Planning an adequate number of Windows Server 2016 or later Domain Controllers for Windows Hello for Business deployments
- Windows 10, version 1703 or later
- Windows Server, versions 2016 or later
- Hybrid or On-Premises deployment
- Key trust
There was an issue with key trust on Windows Server 2019. To fix it, refer to KB4487044.
How many is adequate
How can you find out how many domain controllers are needed? You can use performance monitoring on your domain controllers to determine existing authentication traffic. Windows Server 2016 and above includes the KDC AS Requests performance counter. You can use this counter to determine how much of a domain controller's load is due to initial Kerberos authentication. It's important to remember that authentication for a Windows Hello for Business key trust deployment does not affect Kerberos authentication - it remains unchanged.

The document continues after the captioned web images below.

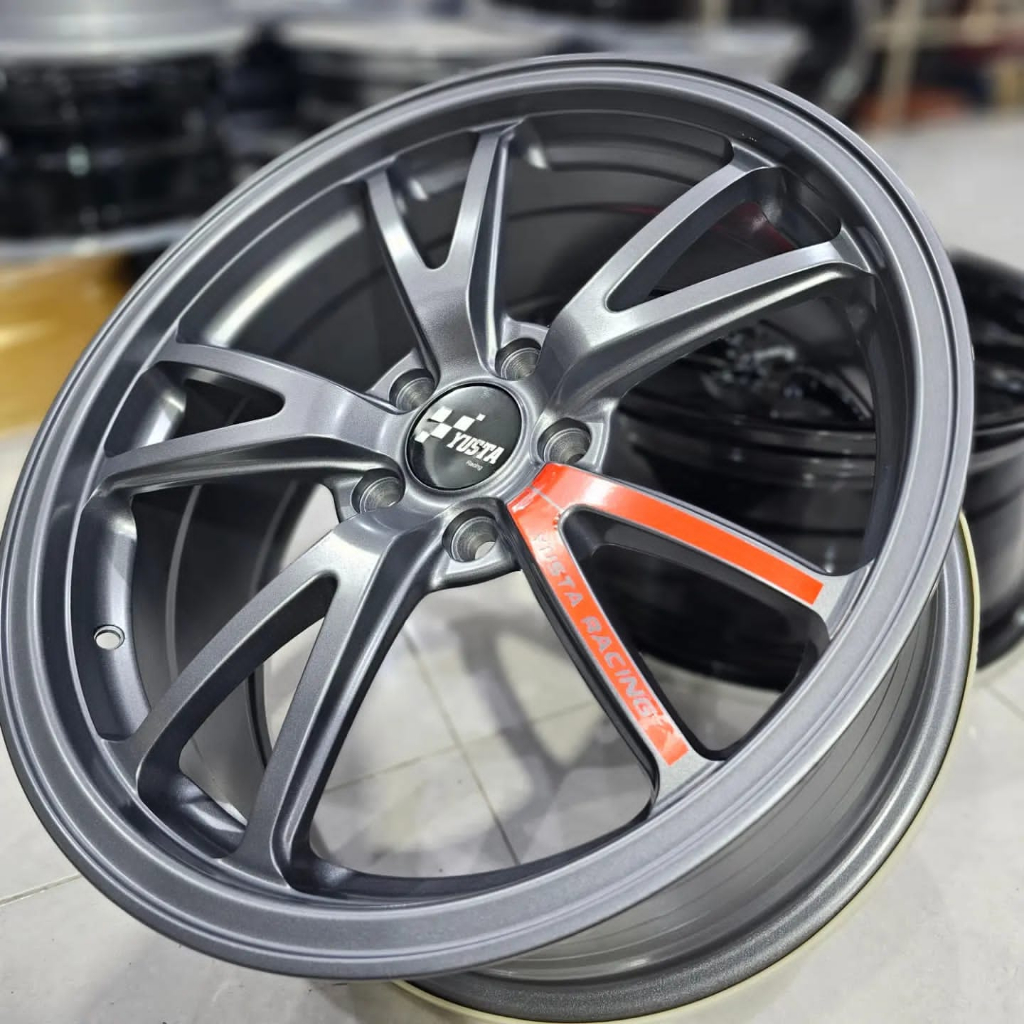 R18 V-95 Pcd.5-114.3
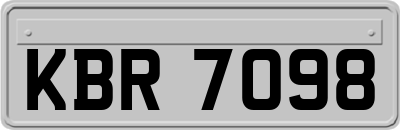 KBR7098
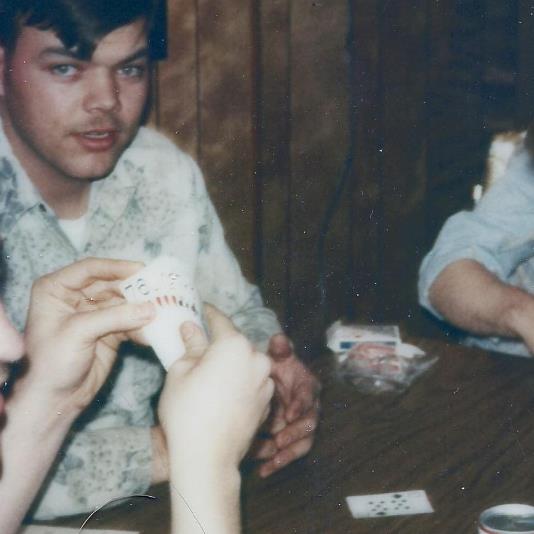 David Michael Klingman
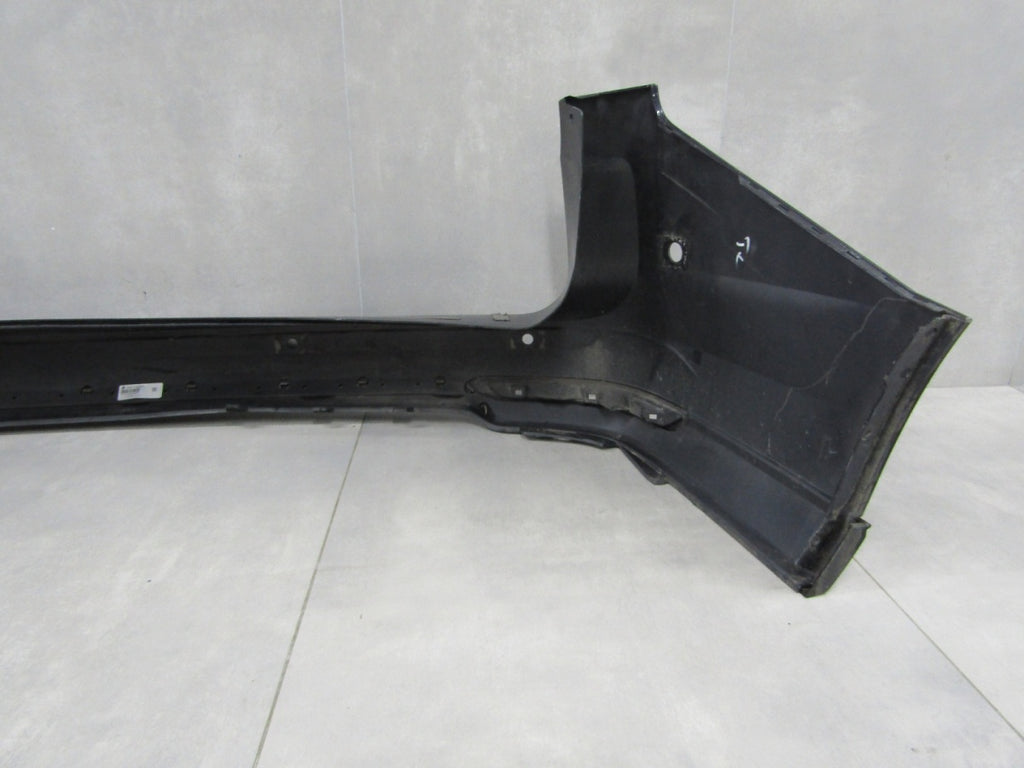 Zadnji branik Volkswagen VW CADDY 2K7 MAXI Alltrack ( long ) 20-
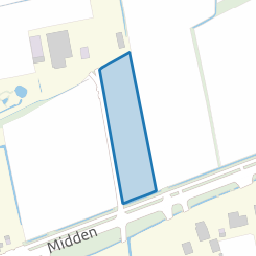 Perceel HVT03-N-1092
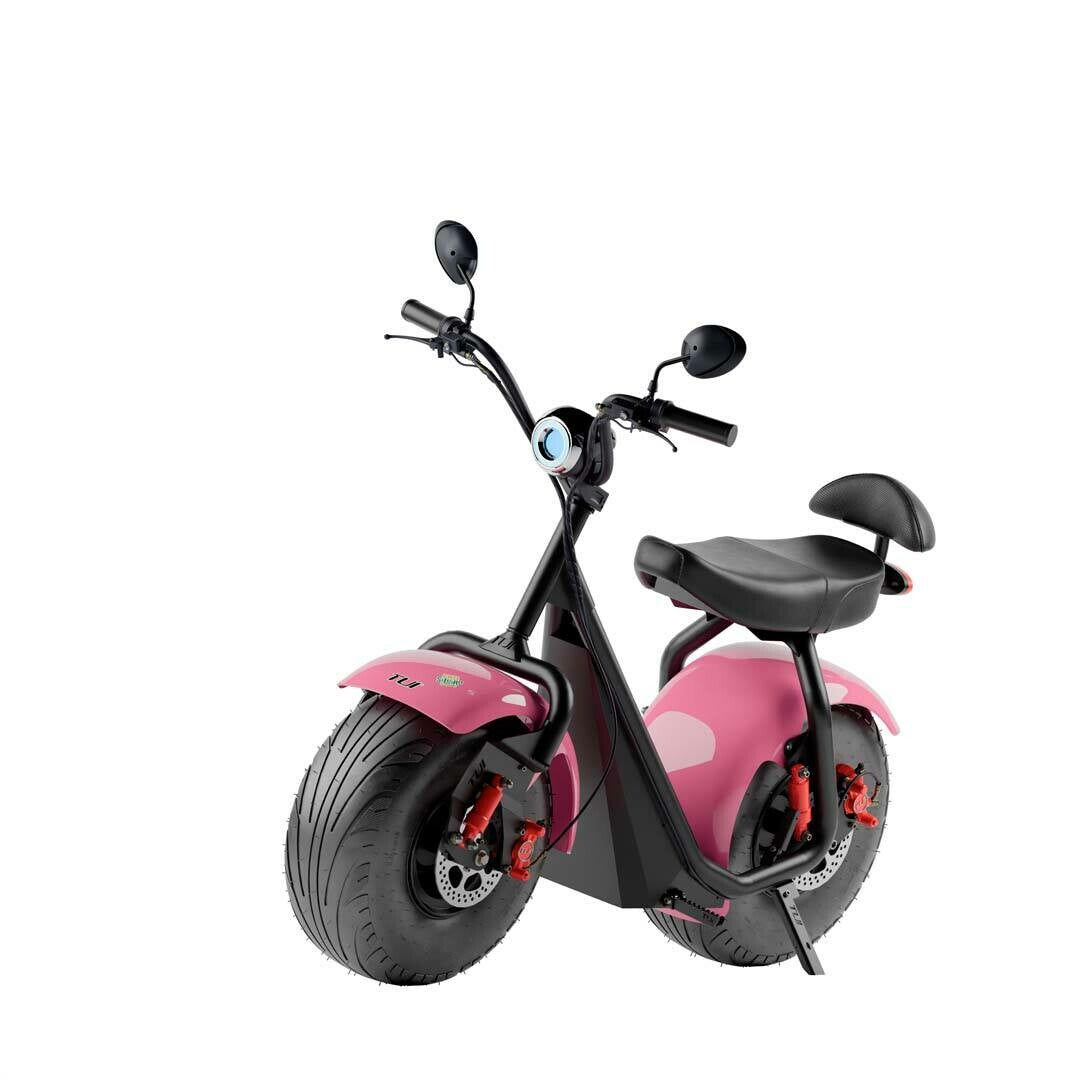 TUI Mais-S - Rosa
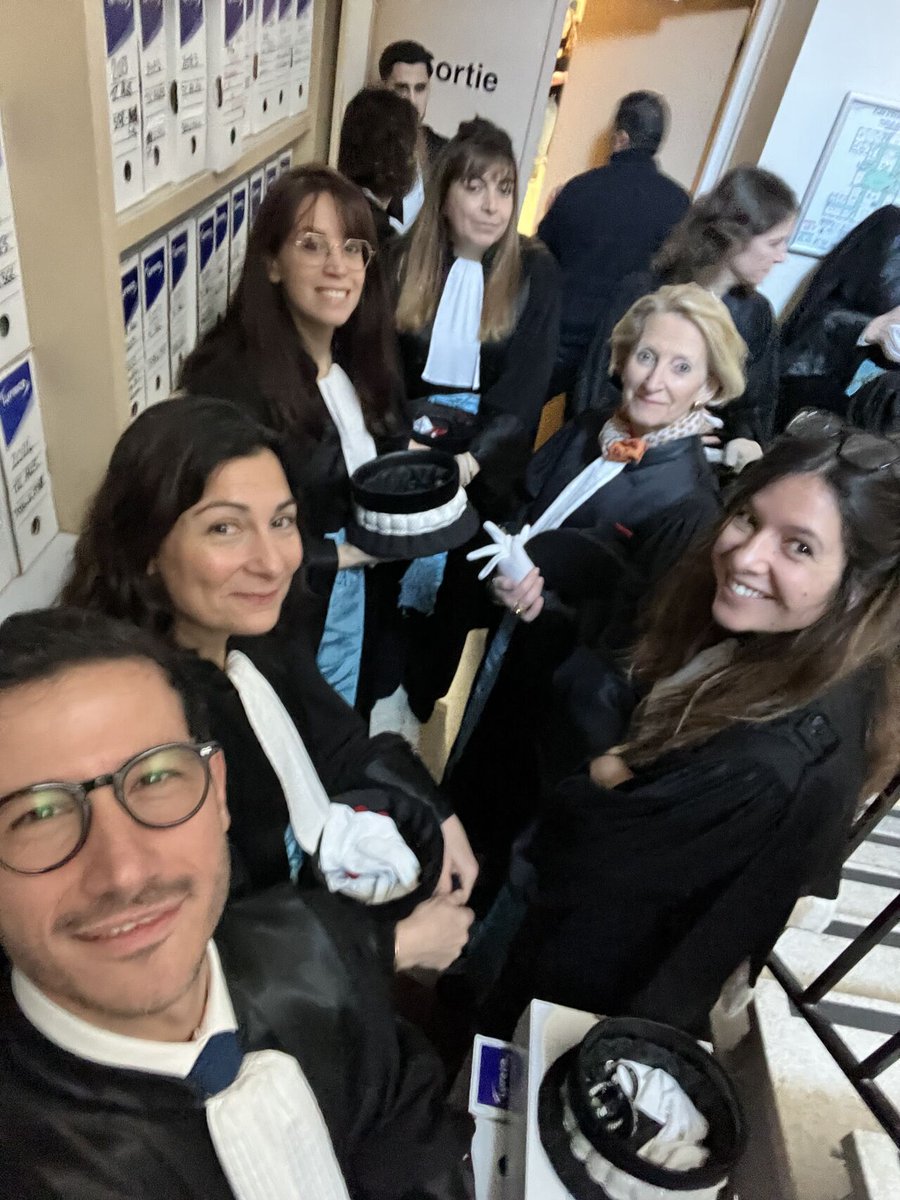 PresidentTJAles's tweet photo. L’audience de rentrée solennelle s’est tenue à Alès. L’occasion pour le président Simon LANES et le  procureur Abdelkrim GRINI de dresser le bilan de l’année 2024 et de définir les perspectives pour 2025 en présence des hautes autorités de l’Etat, des élus et des chefs de Cour. https://t.co/MGI3ycPTja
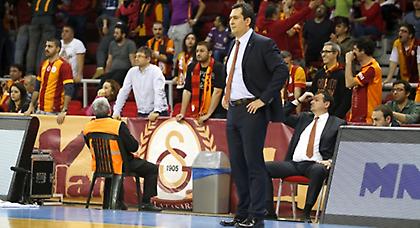 Αταμάν: «Δύσκολα αυτά τα ματς για εμάς»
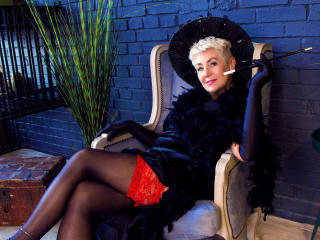 KinkyyHotLove - сексуальная веб-камера в реальном времени - 6548692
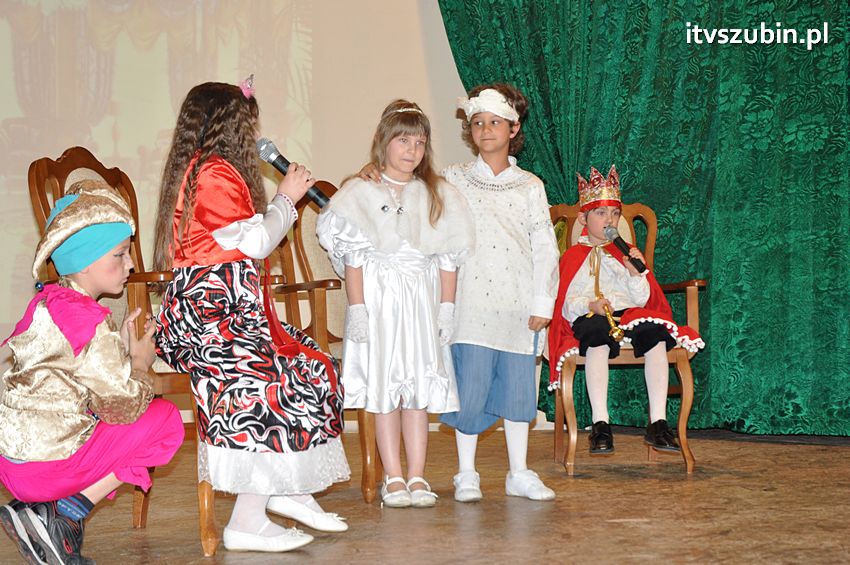 Księżniczki są wśród nas?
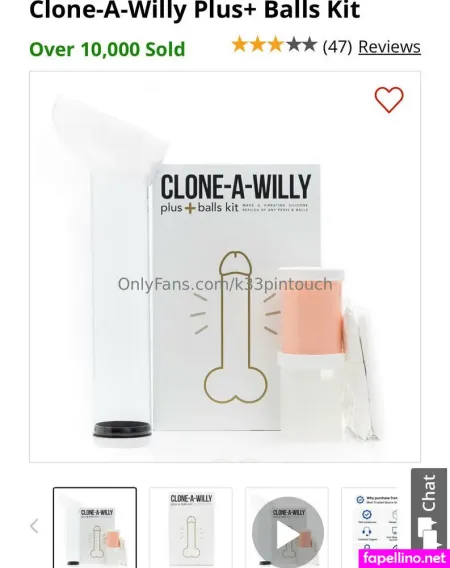 K33pintouch OnlyFans Thumbnail #MC9ClOjy6D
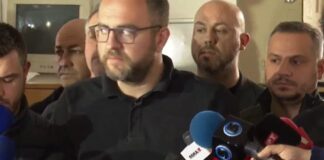 Diskoteka në Koçan nuk kishte leje të ligjshme operimi”, ministri i Brendshëm i RMV: Janë arrestuar 15 persona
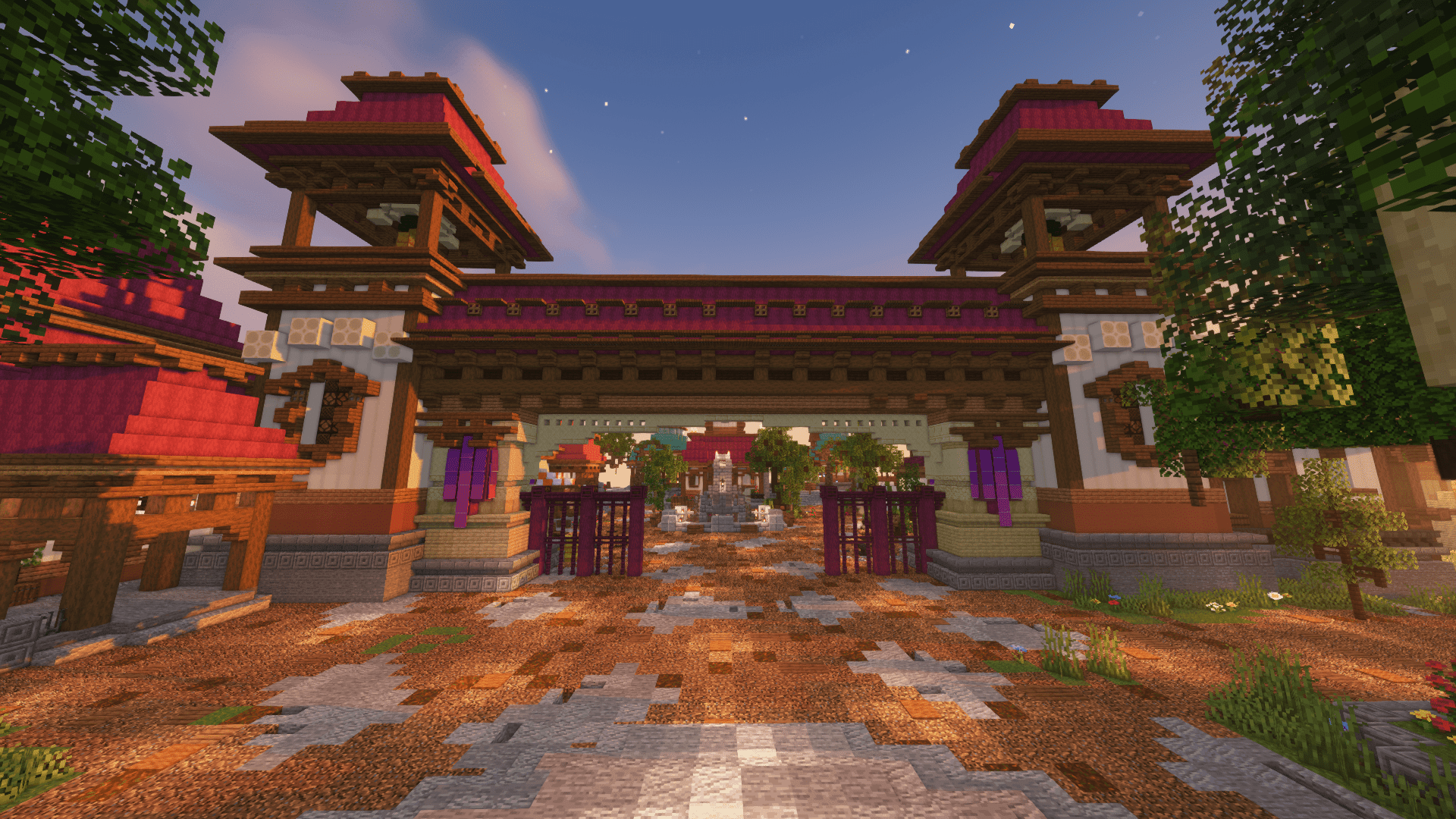 Haunted Hollows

Windows 10 accomplishes Windows Hello for Business key trust authentication by mapping an Active Directory user account to one or more public keys. This mapping occurs on the domain controller, which is why the deployment needs Windows Server 2016 or later domain controllers. Public key mapping is only supported by Windows Server 2016 domain controllers and above. Therefore, users in a key trust deployment must authenticate to a Windows Server 2016 and above domain controller.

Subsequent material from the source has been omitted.